Bagi masyarakat Nabire, transportasi laut masih menjadi salah satu moda perjalanan utama menuju berbagai kota di Indonesia, termasuk Surabaya, Makassar, Ambon, dan sejumlah wilayah lainnya. Karena itu, ketersediaan tiket kapal menjadi kebutuhan penting, terutama bagi masyarakat yang bepergian untuk bekerja, melanjutkan pendidikan, berobat, maupun mengunjungi keluarga.
Keluhan mengenai sulitnya memperoleh tiket juga memunculkan harapan agar sistem penjualan tiket dapat lebih transparan.
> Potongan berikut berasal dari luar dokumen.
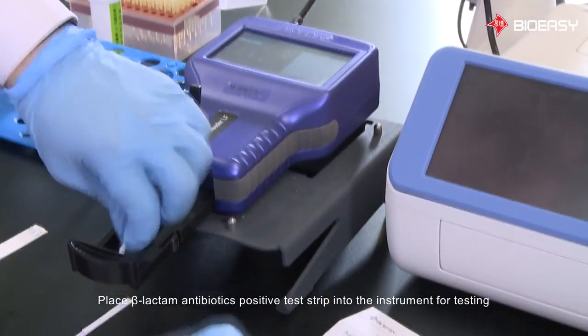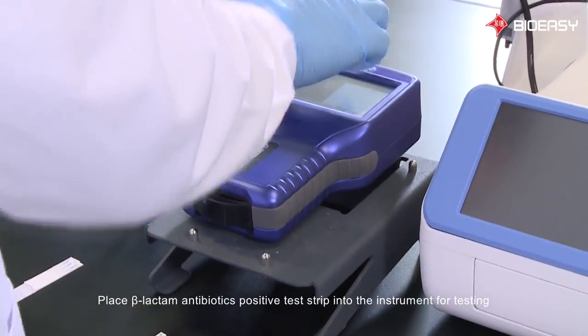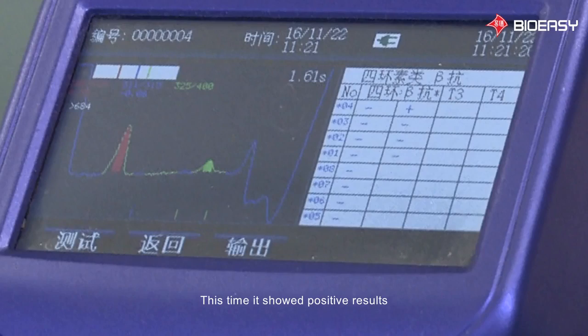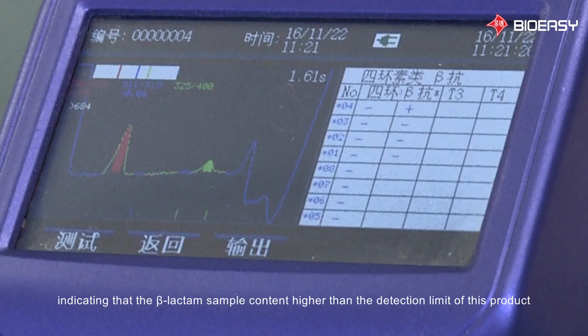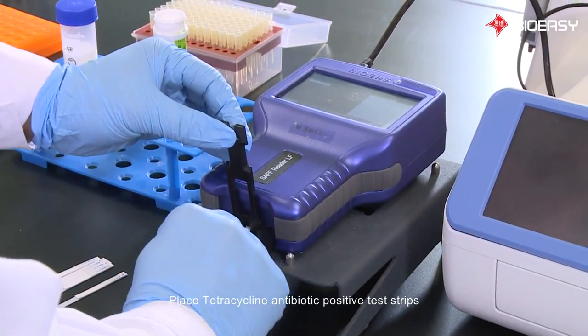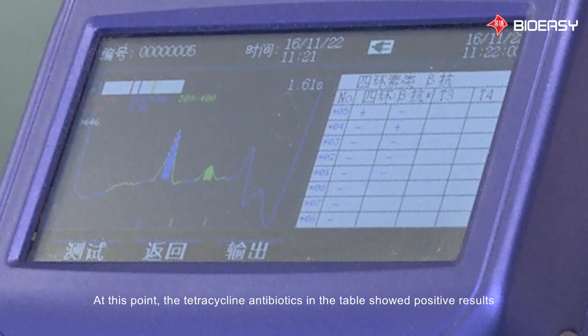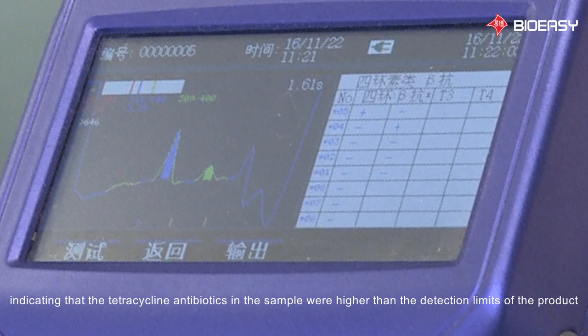Place the beta-lactam antibiotics positive test strip into the instrument for testing. This time it showed positive results, indicating that the beta-lactam sample content is higher than the detection limit of this product. Place the tetracycline antibiotic positive test strip. At this point, the tetracycline antibiotics in the table showed positive results, indicating that the tetracycline antibiotics in the sample were higher than the detection limit of this product.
Sejumlah warga berharap informasi mengenai kuota tiket, jadwal pembukaan penjualan, hingga mekanisme pembelian tiket non-seat dapat disampaikan secara lebih jelas kepada masyarakat agar tidak menimbulkan kebingungan.
Hingga berita ini diterbitkan, Nabire.Net masih menunggu tanggapan resmi dari pihak PELNI Cabang Nabire terkait keluhan masyarakat mengenai ketersediaan tiket serta mekanisme penjualan yang dikeluhkan para calon penumpang. Apabila terdapat penjelasan resmi dari pihak PELNI, berita ini akan diperbarui.
Sebagai informasi, PELNI saat ini juga tengah menjalankan program diskon tiket kapal laut sebesar 30 persen selama periode libur sekolah tahun 2026. Program tersebut merupakan bagian dari kebijakan stimulus ekonomi pemerintah yang bertujuan meningkatkan mobilitas masyarakat sekaligus mendorong pertumbuhan aktivitas ekonomi di berbagai daerah, termasuk Papua.
Diskon diberikan sebesar 30 persen dari tarif dasar tiket kapal penumpang kelas ekonomi. Program ini berlaku untuk pembelian tiket mulai 6 Juni 2026, sementara periode keberangkatan yang mendapatkan potongan harga berlangsung sejak 20 Juni hingga 15 Agustus 2026.
Program diskon tersebut diharapkan dapat membantu masyarakat memperoleh layanan transportasi laut dengan biaya yang lebih terjangkau. Namun di sisi lain, tingginya minat masyarakat terhadap perjalanan kapal laut diduga turut meningkatkan permintaan tiket pada sejumlah rute, sehingga ketersediaannya menjadi lebih cepat habis.
Masyarakat berharap PELNI dapat memberikan solusi agar proses pembelian tiket berlangsung lebih mudah, transparan, dan memberikan kepastian bagi calon penumpang yang membutuhkan transportasi laut sebagai sarana mobilitas utama dari dan menuju Nabire.